Laut Kuhn passt das ÖPNV-Angebot in einigen Landkreisen noch nicht ganz zum Ziel einer nachhaltigen Mobilität für den ganzen Metropolenraum: „Das Problem ist, dass die Leute mit dem ÖPNV nicht zu den Stationen vom Metropolexpress kommen“ – eines der Hauptanliegen des Mobilitätskongresses.

Mobilität: Verwaltungs- und Gebietsebenen müssen zusammen arbeiten

Dass moderne Mobilitätspolitik nicht ohne Austausch und Zusammenarbeit zwischen sämtlichen Verwaltungs- und Gebietsebenen stattfinden kann, zeigte sich auf der Veranstaltung nicht nur in mehreren Themenforen. „Wir sprechen von einer polyzentrischen Metropolregion und da ist es eigentlich nicht akzeptabel, dass ein Metropolexpress nicht bis nach Schwäbisch Hall fährt. Er endet eine Station vorher in Gaildorf West“, meldete sich mit einem Wortbeitrag Ingrid Kühnel, Geschäftsführerin des Verkehrsverbundes im Landkreis Schwäbisch Hall.
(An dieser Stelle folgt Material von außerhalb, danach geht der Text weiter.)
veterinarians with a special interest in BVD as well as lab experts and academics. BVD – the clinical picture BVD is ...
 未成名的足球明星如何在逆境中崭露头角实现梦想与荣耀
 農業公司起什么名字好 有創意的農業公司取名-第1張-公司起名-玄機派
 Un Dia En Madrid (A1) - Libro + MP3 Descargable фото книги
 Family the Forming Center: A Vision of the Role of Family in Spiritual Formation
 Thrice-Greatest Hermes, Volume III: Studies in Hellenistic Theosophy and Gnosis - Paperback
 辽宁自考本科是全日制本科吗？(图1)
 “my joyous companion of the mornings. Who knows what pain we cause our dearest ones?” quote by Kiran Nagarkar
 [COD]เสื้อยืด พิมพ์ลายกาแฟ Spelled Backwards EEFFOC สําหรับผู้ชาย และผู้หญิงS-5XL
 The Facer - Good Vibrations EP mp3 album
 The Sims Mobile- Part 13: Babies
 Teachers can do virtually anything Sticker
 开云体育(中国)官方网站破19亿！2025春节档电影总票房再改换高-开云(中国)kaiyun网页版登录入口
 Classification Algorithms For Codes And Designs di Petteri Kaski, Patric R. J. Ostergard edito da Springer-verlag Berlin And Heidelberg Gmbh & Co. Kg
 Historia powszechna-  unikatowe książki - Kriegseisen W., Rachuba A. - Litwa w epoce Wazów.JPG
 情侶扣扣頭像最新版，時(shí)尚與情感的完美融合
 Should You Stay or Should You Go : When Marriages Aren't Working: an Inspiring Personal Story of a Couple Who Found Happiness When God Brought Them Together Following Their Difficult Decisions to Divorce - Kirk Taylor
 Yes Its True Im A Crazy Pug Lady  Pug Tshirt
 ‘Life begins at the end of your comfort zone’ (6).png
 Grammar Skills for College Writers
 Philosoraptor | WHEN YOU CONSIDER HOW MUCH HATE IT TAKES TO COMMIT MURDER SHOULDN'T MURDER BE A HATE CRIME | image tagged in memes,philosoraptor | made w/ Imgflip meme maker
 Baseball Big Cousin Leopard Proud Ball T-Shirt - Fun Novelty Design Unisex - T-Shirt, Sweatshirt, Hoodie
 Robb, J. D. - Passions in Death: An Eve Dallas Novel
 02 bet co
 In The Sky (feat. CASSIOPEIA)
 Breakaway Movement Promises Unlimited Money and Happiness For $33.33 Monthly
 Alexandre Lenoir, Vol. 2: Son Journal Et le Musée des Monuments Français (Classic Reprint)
Ingrid Kühnel, Geschäftsführerin des Verkehrsverbundes im Landkreis Schwäbisch Hall, meldet sich zu Wort. Sie ist unter den mehr als 20 Verkehrsverbünden in Baden-Württemberg eine der wenigen Frauen, die Geschäftsführerin ist. Foto: Julian Krischan

Ein weiterer Punkt seien die in Siedlungsräumen außerhalb gelegenen Bahnhöfe, so Gerd Hickmann, Abteilungsleiter im Ministerium. Nicht nur müssen diese mit dem ÖPNV zu erreichen sein, sondern zu aktiven Ortszentren entwickelt werden. Als ein Ergebnis der Veranstaltung soll eine Arbeitsgruppe gebildet werden – unter dem Dach der Verkehrsverbünde, „aber offen für Kommunen“, so Hickmann. Regelmäßig soll hier in Zukunft ein intensiver Wissenstransfer und Erfahrungsaustausch im Sinne von „Best Practice“ stattfinden.